Emirates is evaluating whether to revive a stalled deal announced last year for up to 60 Airbus widebodies, including 30 A350 XWBs.
At the delivery ceremony for its first A380 in Hamburg in July 2008, the Dubai carrier signed a letter of intent for 30 A330-300s for delivery from 2012, as well as 30 more A350-1000s. But the deal was put on the backburner after the global downturn, says the airline's president, Tim Clark. "By the time it came to consummating the deal, the bottom had fallen out of the market, so we didn't."
Clark says he considers the planned order "alive and well, and very, very topical at this moment", but thinks it is unlikely to be revived in time to confirm at November's Dubai air show.
© Airbus |
Emirates continues to forge ahead with new widebody deliveries - it is taking 22 A380s and 777s during its current financial year, which began on 1 April 2009 - and Clark says the passenger fleet will number about 145 aircraft by next summer.
However, from September next year, the airline will start phasing out up to 58 of its older aircraft, including 29 A330-200s, eight A340-300s and 21 777-200ER/300s.
With the first of 70 firmly ordered A350s (50 -900s and 20 -1000s) due to arrive in 2014, Clark says the composition of that deal - and the stalled plan for 30 more -1000s - is being re-evaluated. "I'm not sure the ratio we have is right - we want to go for more -1000s," he says.

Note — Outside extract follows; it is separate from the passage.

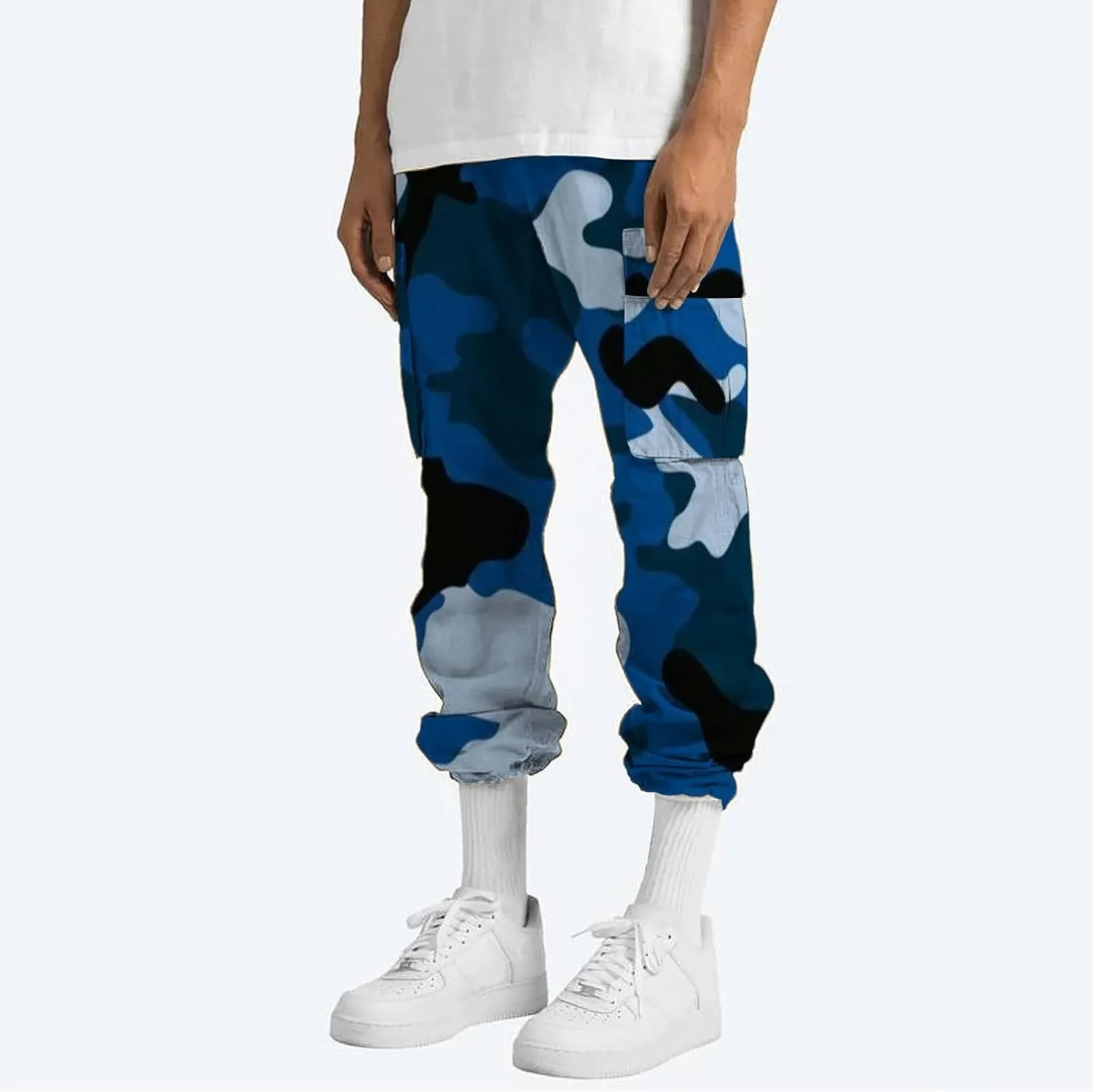 Mens Active Athletic Jogger Sweatpants Woven Pocket Foot Rope Solid Pant Street Cargo Casual Lounge Jogger Sweatpants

Clark says Emirates' future fleet composition plan is being driven by the fact there has been a major rethink on the expansion strategy for Dubai's current international airport, following the decision to push back development of the all-new hub at Jebel Ali. "We're looking at what one can do here to maximise Dubai International," he adds. "One thing is to make the aircraft bigger."